═══ Material provided

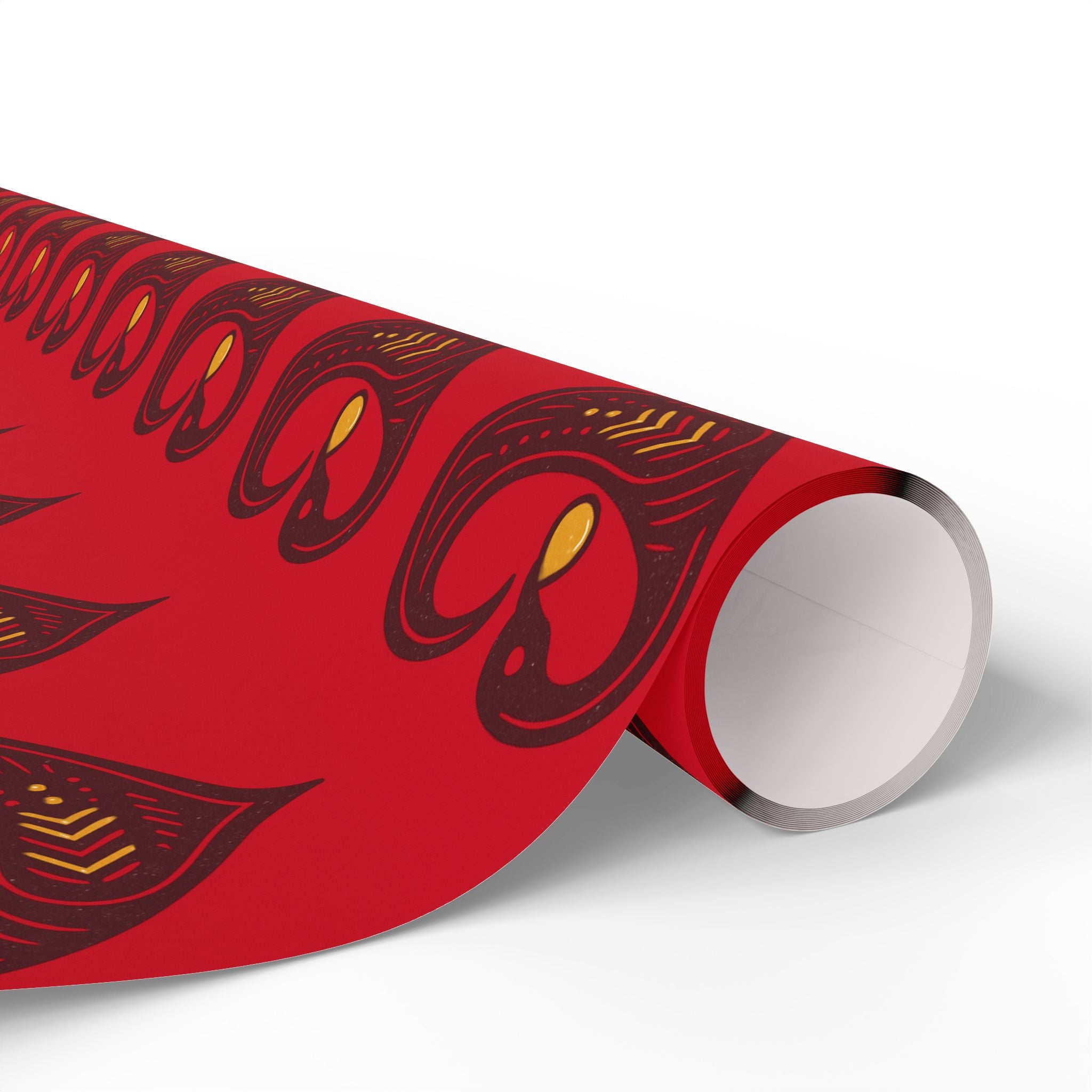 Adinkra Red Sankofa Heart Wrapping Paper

══════
═══ Material provided

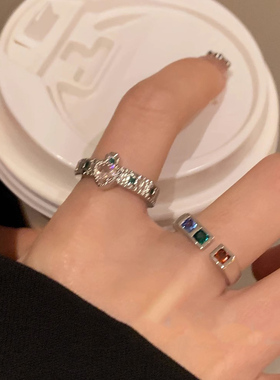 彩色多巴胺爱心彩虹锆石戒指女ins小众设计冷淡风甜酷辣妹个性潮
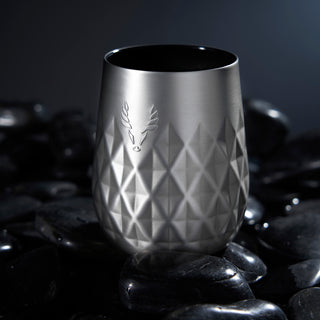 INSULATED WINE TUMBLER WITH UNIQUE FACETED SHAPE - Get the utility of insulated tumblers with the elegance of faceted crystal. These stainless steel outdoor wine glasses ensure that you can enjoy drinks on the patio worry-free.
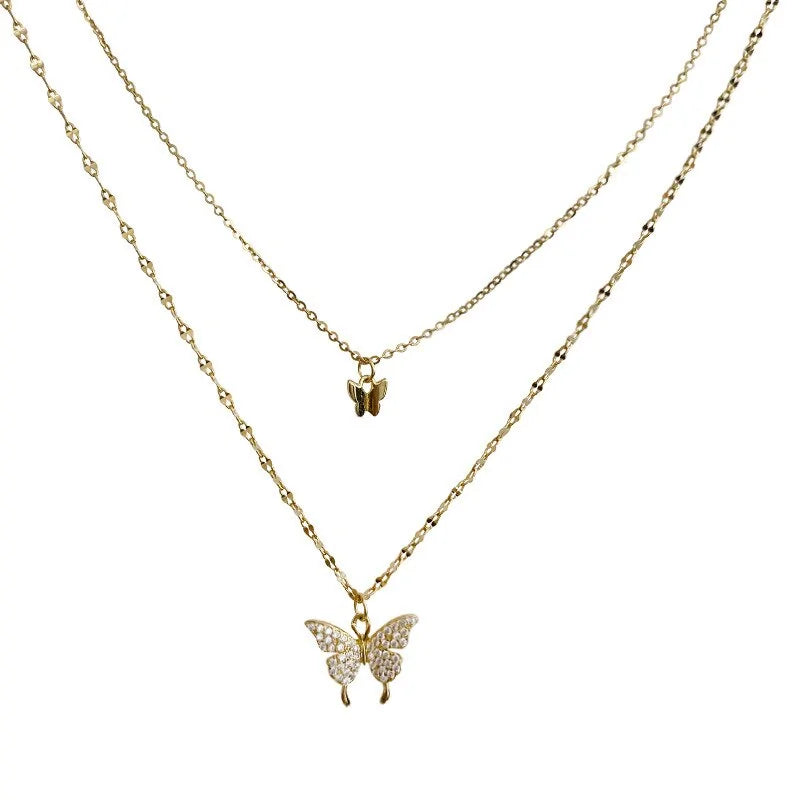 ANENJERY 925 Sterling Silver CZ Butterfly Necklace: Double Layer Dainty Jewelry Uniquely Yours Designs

══════
═══ Material provided

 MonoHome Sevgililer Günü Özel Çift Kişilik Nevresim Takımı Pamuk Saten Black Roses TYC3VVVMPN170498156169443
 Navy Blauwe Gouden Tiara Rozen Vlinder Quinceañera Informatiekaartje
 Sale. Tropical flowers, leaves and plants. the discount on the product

══════

Each line above that falls between the line with "彩色多巴胺爱心彩虹锆石戒指女ins小众设计冷淡风甜酷辣妹个性潮" and the line with "INSULATED WINE TUMBLER" should be printed exactly, together with those two lines, but the pictures should not.

 彩色多巴胺爱心彩虹锆石戒指女ins小众设计冷淡风甜酷辣妹个性潮
 INSULATED WINE TUMBLER WITH UNIQUE FACETED SHAPE - Get the utility of insulated tumblers with the elegance of faceted crystal. These stainless steel outdoor wine glasses ensure that you can enjoy drinks on the patio worry-free.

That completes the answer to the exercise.